Only a verbatim restatement of the lines from the one with "Garage White Ribbed Crop Top" through the end of the listing below is wanted. Pictures should be left out.

* [COLLECTED DATA]
■ ■ ■

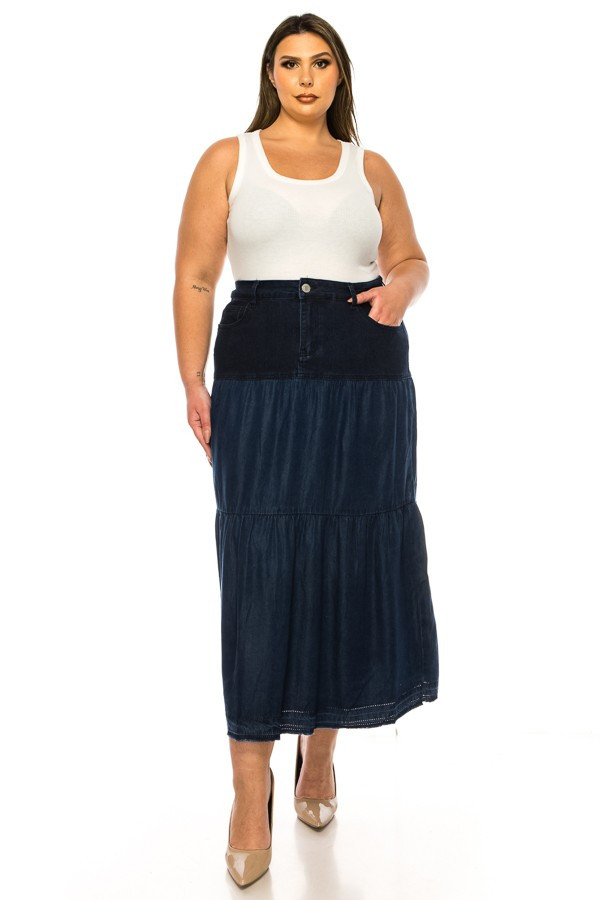 Denim Long Skirt Plus Size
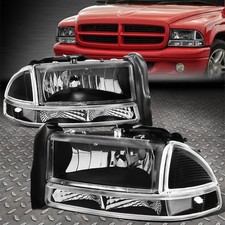 For 97-04 Dodge Dakota Durango Black Housing Clear Corner Headlight Bumper Lamp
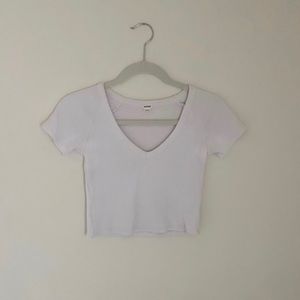 Garage White Ribbed Crop Top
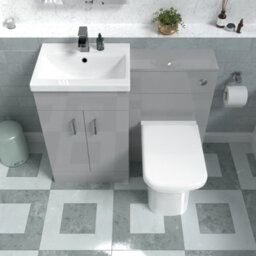 Nes Home Grey Vanity Basin Cabinet, Wc Unit & Rimless Back To Wall Toilet - thumbnail 3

■ ■ ■

* [OUTPUT OF THE TASK]
 Garage White Ribbed Crop Top
 Nes Home Grey Vanity Basin Cabinet, Wc Unit & Rimless Back To Wall Toilet - thumbnail 3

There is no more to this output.